Introduction to Cisco Programmable Fabric

Introduction to Programmable Fabric

Licensing Requirements

For a complete explanation of Cisco NX-OS licensing recommendations and how to obtain and apply licenses, see the Cisco NX-OS Licensing Guide.

Fabric Technology Overview

Data Center Network Evolution

The Data Center fabric journey evolved from a Spanning-Tree (STP) based network to more efficient ways of using the available resources of the infrastructure.

Initially, we built Spanning-Tree (STP) based networks where a single link was active for a given service (VLAN). The same was true for the demarcation between Layer 2 and Layer 3, where a First Hop Redundancy Protocol like HSRP or VRRP provided a single active point of egress per service (VLAN/subnet).

With the introduction of Cisco’s version of Multi-Chassis Link-Aggregation, virtual Port-Channels (vPC), a significant improvement has been achieved by providing a loop-free topology. In vPC-based environments, Spanning-Tree (STP) was still present to provide a failsafe mechanism without the disadvantages of a single path tree active. vPC also provided enhancements to the Layer 2 / Layer 3 demarcation, where now First Hop Redundancy Protocols (FHRP) like HSRP and VRRP start forwarding in an active/active manner, and this improved a former chokepoint. Nevertheless, even with vPC and FHRP active/active, further scale-out with regards to Layer 2 and Layer 3 forwarding became an ask.

Cisco introduced Layer 2 Multipathing (L2MP) to accommodate these asks with the introduction of Cisco FabricPath. With the MAC-in-MAC frame encapsulation and the IS-IS routing protocol, Cisco provided a Layer 2 Equal Cost Multipath (ECMP) based network, where hosts were allowed to talk to other hosts across all available links. Different to vPC, FabricPath did not require a pairing of network nodes and the configuration became simplified. A Layer 2 fabric was made available and the first scale-out network architecture was embraced; the need for a wider Layer 2 / Layer 3 demarcation became eminent. With Anycast-HSRP, Cisco implemented a way to scale-out the common chokepoint for First-Hop gateways and extended it to 4 active nodes. Further scale-out was an ask for FabricPath and enhancements have been added like Enhanced Forwarding, Distributed Anycast Gateway at the Leaf switch, and automation of connected workloads; these enhancements fell under Cisco’s Dynamic Fabric Automation (DFA) solution.

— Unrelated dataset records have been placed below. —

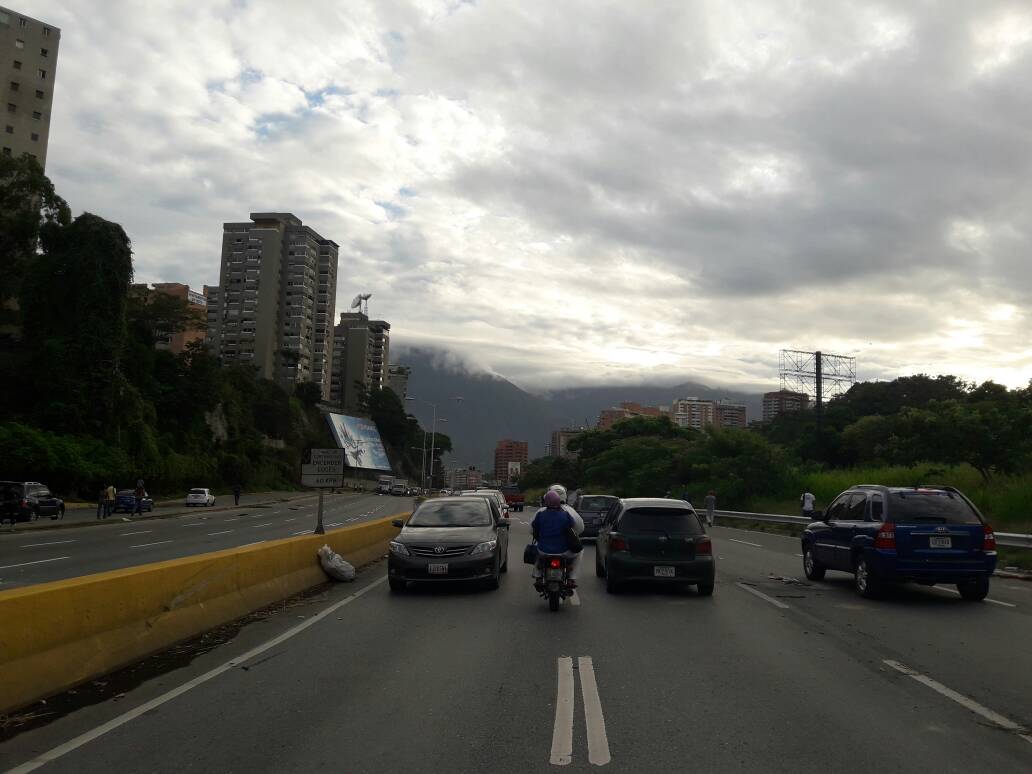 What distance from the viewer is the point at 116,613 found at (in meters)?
7.59

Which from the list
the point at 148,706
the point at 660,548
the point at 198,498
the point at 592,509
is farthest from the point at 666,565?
the point at 198,498

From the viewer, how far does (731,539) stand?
28.2 metres

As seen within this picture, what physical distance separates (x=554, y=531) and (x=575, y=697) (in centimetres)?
470

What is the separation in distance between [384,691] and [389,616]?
3919 mm

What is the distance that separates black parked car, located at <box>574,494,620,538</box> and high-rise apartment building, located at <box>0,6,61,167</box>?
72.9 meters

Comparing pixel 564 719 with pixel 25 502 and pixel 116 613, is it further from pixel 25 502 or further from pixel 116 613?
pixel 25 502

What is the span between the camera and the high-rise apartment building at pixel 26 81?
78250mm

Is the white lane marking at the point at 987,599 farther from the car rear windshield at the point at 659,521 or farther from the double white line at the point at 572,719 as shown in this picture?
the double white line at the point at 572,719

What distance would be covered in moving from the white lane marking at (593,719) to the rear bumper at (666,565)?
5.01 meters

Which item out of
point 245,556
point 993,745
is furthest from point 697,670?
point 245,556

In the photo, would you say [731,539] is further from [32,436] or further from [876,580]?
[32,436]

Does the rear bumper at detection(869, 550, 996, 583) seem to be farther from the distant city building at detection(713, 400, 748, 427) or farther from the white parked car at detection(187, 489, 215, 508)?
the distant city building at detection(713, 400, 748, 427)

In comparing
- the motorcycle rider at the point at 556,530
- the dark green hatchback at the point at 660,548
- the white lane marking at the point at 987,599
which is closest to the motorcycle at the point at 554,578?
the motorcycle rider at the point at 556,530

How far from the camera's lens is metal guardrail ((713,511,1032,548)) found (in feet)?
60.3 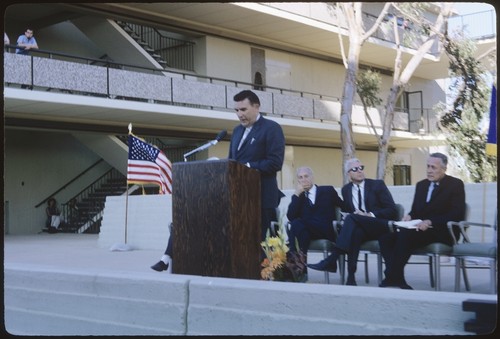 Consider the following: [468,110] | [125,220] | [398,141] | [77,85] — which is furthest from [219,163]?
[398,141]

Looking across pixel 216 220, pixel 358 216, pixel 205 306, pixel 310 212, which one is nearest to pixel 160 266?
pixel 310 212

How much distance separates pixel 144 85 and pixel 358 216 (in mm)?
→ 14979

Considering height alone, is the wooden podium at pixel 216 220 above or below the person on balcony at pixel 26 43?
below

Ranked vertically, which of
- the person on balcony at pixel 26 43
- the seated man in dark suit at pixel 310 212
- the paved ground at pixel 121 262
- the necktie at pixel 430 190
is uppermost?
the person on balcony at pixel 26 43

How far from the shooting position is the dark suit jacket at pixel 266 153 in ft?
21.3

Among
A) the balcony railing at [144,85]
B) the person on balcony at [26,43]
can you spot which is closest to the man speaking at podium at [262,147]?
the balcony railing at [144,85]

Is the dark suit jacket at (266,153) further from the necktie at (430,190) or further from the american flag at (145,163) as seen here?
the american flag at (145,163)

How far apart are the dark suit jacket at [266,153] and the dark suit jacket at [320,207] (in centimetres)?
134

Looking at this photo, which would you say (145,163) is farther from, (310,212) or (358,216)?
(358,216)

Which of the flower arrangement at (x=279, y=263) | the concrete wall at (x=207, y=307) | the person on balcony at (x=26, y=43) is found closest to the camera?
the concrete wall at (x=207, y=307)

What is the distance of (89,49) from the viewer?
26000mm

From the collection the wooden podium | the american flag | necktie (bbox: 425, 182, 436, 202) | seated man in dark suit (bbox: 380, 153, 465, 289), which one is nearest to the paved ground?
the wooden podium

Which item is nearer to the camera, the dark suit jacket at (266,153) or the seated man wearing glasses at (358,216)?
the dark suit jacket at (266,153)

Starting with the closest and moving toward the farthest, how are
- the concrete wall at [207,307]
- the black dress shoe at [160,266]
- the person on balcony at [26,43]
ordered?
the concrete wall at [207,307] → the black dress shoe at [160,266] → the person on balcony at [26,43]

With the industry moving from Frame Encapsulation (MAC-in-MAC) to Packet Encapsulation (MAC-in-IP), Cisco embraced VXLAN within its Data Center Switching portfolio to provide a standards based encapsulation technique. Initially, VXLAN was introduced as a Layer 2 service only and since VXLAN Flood and Learn (as defined in RFC 7348) follows the similar Flood and Learn semantic as Ethernet or FabricPath, enhancements were required. VXLAN with a control plane became necessary to introduce Layer 2 and Layer 3 services, while optimizing forwarding to address the limitations of VXLAN Flood and Learn. Multiprotocol Border Gateway Protocol with Ethernet Virtual Private Network (MP-BGP EVPN) was introduced as the control plane, with VXLAN being used in the data plane. MP-BGP EVPN has been defined by IETF as the standards-based control plane for VXLAN overlays. The Programmable Fabric solution is based on VXLAN with BGP EVPN, with the programmability of the network fabric through APIs.

Data Center fabric challenges remained present and included disjoint provisioning, CLI centric box-by-box configuration, disruptive growth of applications (and other data center entities), deficient host overlay, and location dependency (rigid coupling of IP address to location). These challenges have led to operational complexity, architectural rigidness and infrastructure inefficiency.

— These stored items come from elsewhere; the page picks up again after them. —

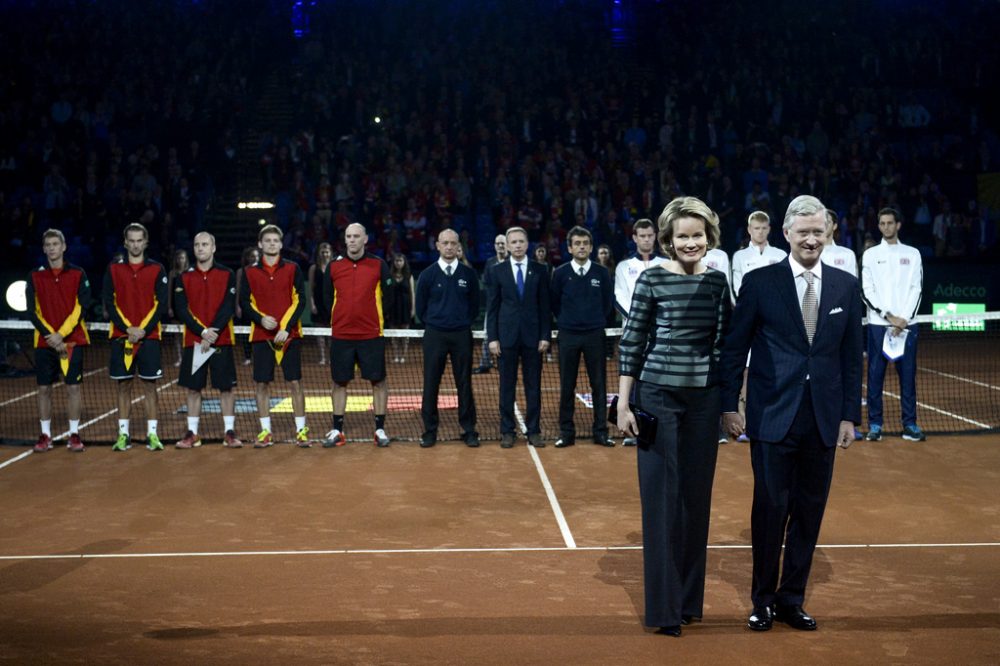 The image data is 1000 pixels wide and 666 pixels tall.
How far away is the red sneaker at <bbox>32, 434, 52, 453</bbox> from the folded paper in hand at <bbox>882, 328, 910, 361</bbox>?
8842 mm

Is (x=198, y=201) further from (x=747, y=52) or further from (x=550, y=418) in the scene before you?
(x=747, y=52)

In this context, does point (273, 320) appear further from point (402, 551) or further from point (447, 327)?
point (402, 551)

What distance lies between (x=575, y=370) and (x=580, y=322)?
54cm

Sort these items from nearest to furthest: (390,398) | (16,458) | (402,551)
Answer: (402,551), (16,458), (390,398)

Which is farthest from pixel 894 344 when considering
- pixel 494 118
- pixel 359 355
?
pixel 494 118

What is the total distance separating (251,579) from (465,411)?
5.09 m

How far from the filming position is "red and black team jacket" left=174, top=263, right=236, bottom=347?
11.3 metres

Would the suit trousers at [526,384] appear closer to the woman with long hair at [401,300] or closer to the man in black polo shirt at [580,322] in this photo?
the man in black polo shirt at [580,322]

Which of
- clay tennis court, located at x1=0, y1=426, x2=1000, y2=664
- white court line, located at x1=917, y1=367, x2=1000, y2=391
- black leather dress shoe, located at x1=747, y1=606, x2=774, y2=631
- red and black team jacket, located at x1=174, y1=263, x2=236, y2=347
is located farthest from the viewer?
white court line, located at x1=917, y1=367, x2=1000, y2=391

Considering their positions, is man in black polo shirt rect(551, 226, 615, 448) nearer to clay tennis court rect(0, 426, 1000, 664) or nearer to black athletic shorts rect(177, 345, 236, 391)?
clay tennis court rect(0, 426, 1000, 664)

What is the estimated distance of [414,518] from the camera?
8273 millimetres

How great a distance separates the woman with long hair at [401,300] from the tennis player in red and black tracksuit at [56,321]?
24.2 ft

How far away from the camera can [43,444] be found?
1116cm

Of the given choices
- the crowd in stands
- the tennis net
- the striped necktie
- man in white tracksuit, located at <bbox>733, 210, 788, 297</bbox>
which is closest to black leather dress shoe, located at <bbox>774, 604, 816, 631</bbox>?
the striped necktie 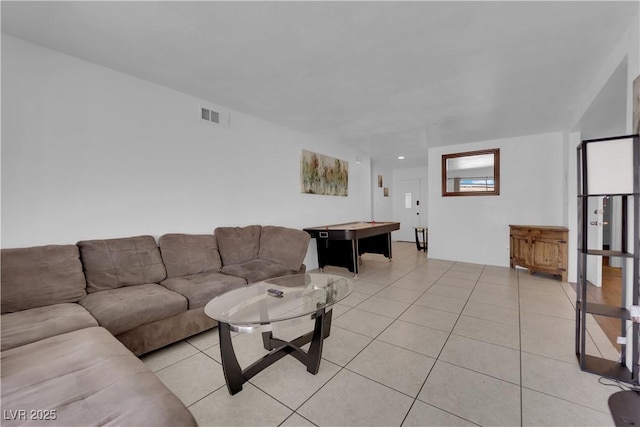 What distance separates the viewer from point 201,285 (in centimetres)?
248

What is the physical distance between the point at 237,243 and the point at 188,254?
2.05ft

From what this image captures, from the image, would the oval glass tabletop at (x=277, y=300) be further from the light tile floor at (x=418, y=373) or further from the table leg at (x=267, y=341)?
the light tile floor at (x=418, y=373)

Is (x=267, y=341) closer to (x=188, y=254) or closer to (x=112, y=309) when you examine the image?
(x=112, y=309)

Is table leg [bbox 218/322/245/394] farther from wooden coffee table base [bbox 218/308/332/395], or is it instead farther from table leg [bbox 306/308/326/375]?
table leg [bbox 306/308/326/375]

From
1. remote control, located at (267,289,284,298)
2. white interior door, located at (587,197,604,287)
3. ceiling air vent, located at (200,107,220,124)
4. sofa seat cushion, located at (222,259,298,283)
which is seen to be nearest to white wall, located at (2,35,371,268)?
ceiling air vent, located at (200,107,220,124)

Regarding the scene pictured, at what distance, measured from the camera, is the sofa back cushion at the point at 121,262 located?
7.51 ft

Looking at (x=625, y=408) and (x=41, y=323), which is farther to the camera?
(x=41, y=323)

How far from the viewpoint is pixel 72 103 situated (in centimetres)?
237

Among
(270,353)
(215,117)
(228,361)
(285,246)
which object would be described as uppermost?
(215,117)

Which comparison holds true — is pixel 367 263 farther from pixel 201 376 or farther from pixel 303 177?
pixel 201 376

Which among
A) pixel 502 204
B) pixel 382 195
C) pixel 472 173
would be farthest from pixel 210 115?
pixel 382 195

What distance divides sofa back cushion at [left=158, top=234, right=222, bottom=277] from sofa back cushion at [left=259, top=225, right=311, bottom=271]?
0.67 metres

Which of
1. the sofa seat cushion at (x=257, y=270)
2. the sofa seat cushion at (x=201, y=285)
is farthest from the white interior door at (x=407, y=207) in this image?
the sofa seat cushion at (x=201, y=285)

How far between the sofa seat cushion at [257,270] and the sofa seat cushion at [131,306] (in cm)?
71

The Programmable Fabric solution addresses the above challenges by providing the following:
  • A programmable infrastructure.

  • An open set of APIs.

  • Scale-out architecture.

  • Hybrid overlays.

  • Total host and IP mobility (decoupling the identity of a host to its location).

This results in simplifying of the underlying fabric and optimizing the overlay for north-south as well as east-west traffic flows, which eases the placement of workload as the network scales with integrated automation

Understanding Programmable Fabric (with VXLAN BGP EVPN)

The Programmable Fabric comprises of the Cisco Nexus 2000, 5000, 7000, and 9000 Series switches, VXLAN BGP EVPN implementation on the platform, and a provision for APIs atop this infrastructure.


Note

The Cisco Nexus Series switches provide VXLAN bridging and routing in hardware.
Figure 1. Programmable Fabric overview


Considerations for building the Programmable Fabric are given below:

  • The underlay — Considerations for building the underlay include choice of IP protocol, topology, etc.

  • The overlay — Layer 2 and Layer 3 overlay configuration and monitoring.

  • Hybrid overlays — Integration of physical and virtual VTEPs.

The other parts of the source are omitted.